A total of £3.94 billion of property wealth was unlocked through equity release last year, with £1.08 billion in the last three months, an unprecedented £136 per second. Equity release is popular – but is it actually a good idea for the over-55s?
In the past, equity-release schemes have been accused of ripping off the older generation, leaving them without a home or saddling their family with large debts.
Fortunately, the Equity Release Council now requires all its members’ products to adhere to four standards:
- No negative equity guarantee — meaning that even if the amount outstanding at the end exceeds the property’s value, the person’s estate will not be lumbered with the bill.
- The product can be ported to another suitable home.
- The right to remain in your property for life or until you move into care.
- Interest rates on lifetime mortgages must be fixed or capped.
What is equity release?
It is a fancy name for products that let the over-55s convert some of the wealth locked up in their property into a tax-free lump sum, to spend as they wish.
They could become a Bank of Mum and Dad to help their family buy a home of their own; they could fund their own property improvements; or they could splurge on a better lifestyle during retirement.

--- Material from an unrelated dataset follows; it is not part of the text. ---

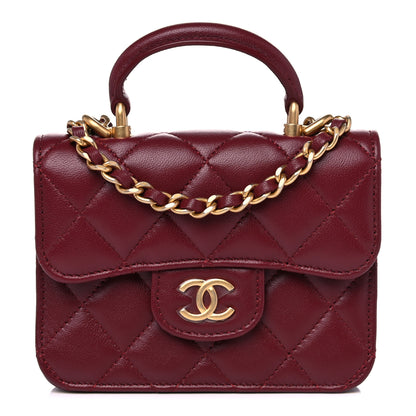 Chanel Lambskin Quilted Top Handle Flap Coin Purse With Chain Burgundy 1 of 8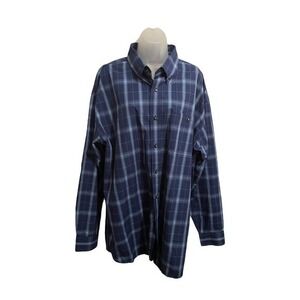 Wrangler Men's George Strait Cowboy Cut Collection Cotton Blue Plaid Shirt XXL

Lifetime mortgages are the most popular form of equity release in London, with take-up increasing by 12 per cent last year.
These products let homeowners who are aged 55-plus take out a mortgage on their property without needing to pay interest. However, that interest rolls up and is repaid when the homeowner, or their surviving partner, dies or goes into long-term care.
In the meantime, the homeowner retains ownership of the home, can often ring-fence some of its value as an inheritance and can have the flexibility to take additional lump sum payments at a later date, or pay off some of the interest to increase the amount they pass on.
The other option is a home reversion plan. The homeowner sells a percentage of their property at a discounted rate, while still being able to live there for the remainder of their life. Often these products have a minimum age requirement of 60 or 65.
Sandra, from Sidcup, used equity release to help her daughter and three grandchildren find somewhere to live.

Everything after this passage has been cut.